Selain itu, algoritma bisa bias jika datanya tidak inklusif. Dalam konteks ekosistem, bias ini bisa membuat hasil konservasi tidak akurat, atau malah mengabaikan komunitas lokal yang selama ini menjaga alam secara tradisional.
6. Kolaborasi adalah Kunci: AI + Kearifan Lokal
AI seharusnya menjadi alat, bukan penguasa. Pendekatan keberlanjutan tidak bisa hanya mengandalkan teknologi tetapi juga perlu mengintegrasikan pengetahuan lokal, partisipasi masyarakat, dan pendekatan ekologis. Di banyak daerah, AI justru bisa memperkuat konservasi berbasis komunitas. Misalnya, warga lokal bisa membantu memverifikasi data AI atau memberikan insight yang tidak bisa dibaca mesin.

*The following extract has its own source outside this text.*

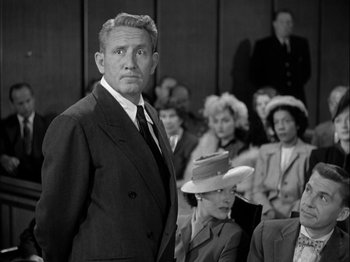 Movie still from “Adam's Rib” (1949), directed by George Cukor – A man in a suit standing in front of a group of people; Medium shot, Over the shoulder angle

AI Bukan Jalan Pintas, Tapi Bisa Jadi Jalan Cerdas
Artificial Intelligence memang membuka lembaran baru dalam pelestarian alam. Tapi tanpa etika, inklusivitas, dan kehati-hatian, AI bisa menjadi alat yang mempercepat kerusakan daripada mencegahnya. Ke depan, tantangannya adalah bukan hanya bagaimana kita menggunakan AI, tapi bagaimana kita memanusiakan AI agar sejalan dengan nilai keberlanjutan. Karena menjaga bumi bukan soal seberapa canggih alat kita, tapi seberapa bijak kita menggunakannya.
Editor: Ambarwulan, S.T.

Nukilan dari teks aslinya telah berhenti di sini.